▶ Exercise directions
The lines wanted are those from the one containing "6Ft Black Composite" to the last line of the entries below; output them exactly, leaving out pictures.
######
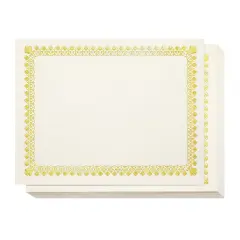 48 Pack Certificate Papers - Letter Size Blank Award Certificates Paper, Gold Foil Border Specialty Recognition Diploma Paper, Laser and Inkjet Printer Friendly, Gold, 8.5 x 11 Inches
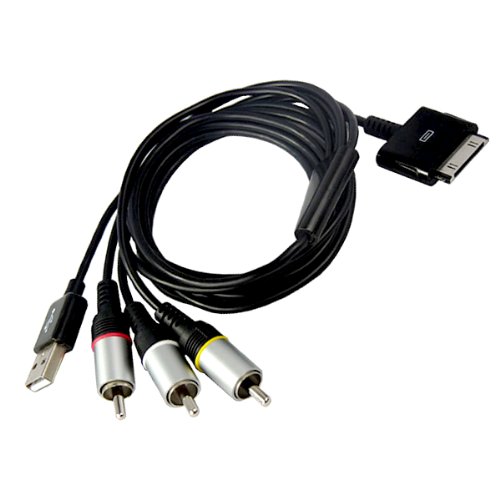 6Ft Black Composite AV Video/USB Cable for Apple iPod, iPhone, iPad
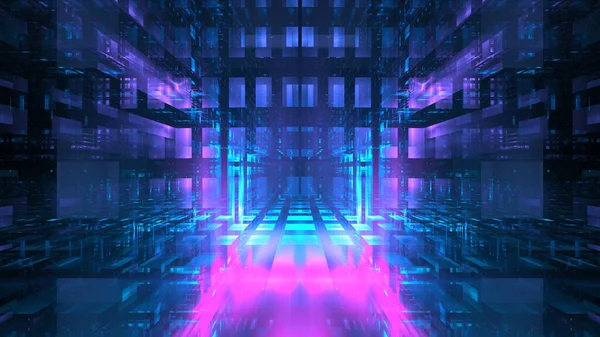 Digital Interior Building Tech Abstract Data Center Server Tonel Technologia — Zdjęcie stockowe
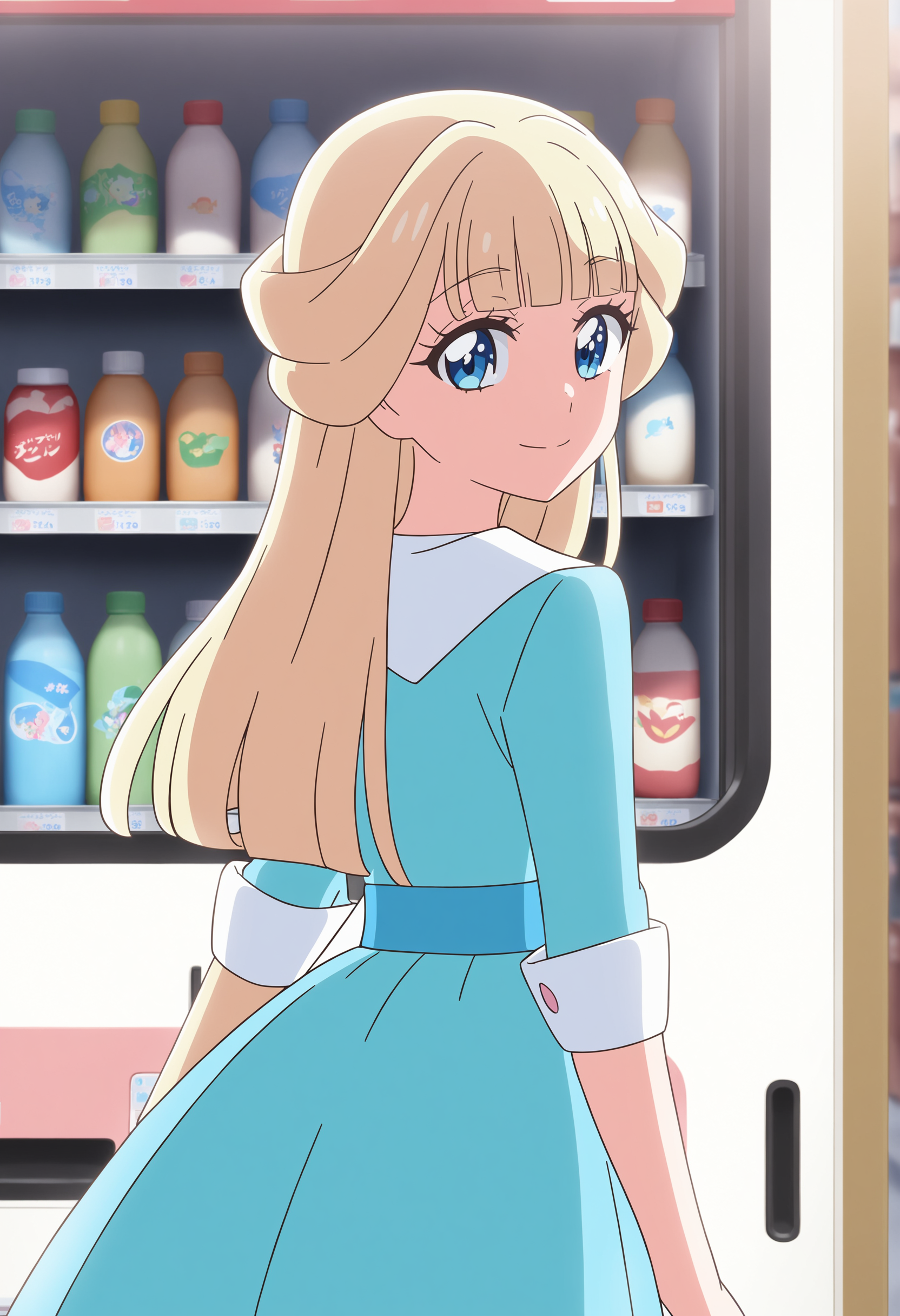 1girl, nekoyashiki yuki, wonderful precure!,solo, <lora:yuki_XL_v1:0.8>
long hair, blonde hair, blue eyes,
from behind, cowboy shot, looking to the side, light smile, by vending machine, closed mouth,
best quality, very aesthetic, absurdres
######
▶ Solution for this task
 6Ft Black Composite AV Video/USB Cable for Apple iPod, iPhone, iPad
 Digital Interior Building Tech Abstract Data Center Server Tonel Technologia — Zdjęcie stockowe
 1girl, nekoyashiki yuki, wonderful precure!,solo, <lora:yuki_XL_v1:0.8>
long hair, blonde hair, blue eyes,
from behind, cowboy shot, looking to the side, light smile, by vending machine, closed mouth,
best quality, very aesthetic, absurdres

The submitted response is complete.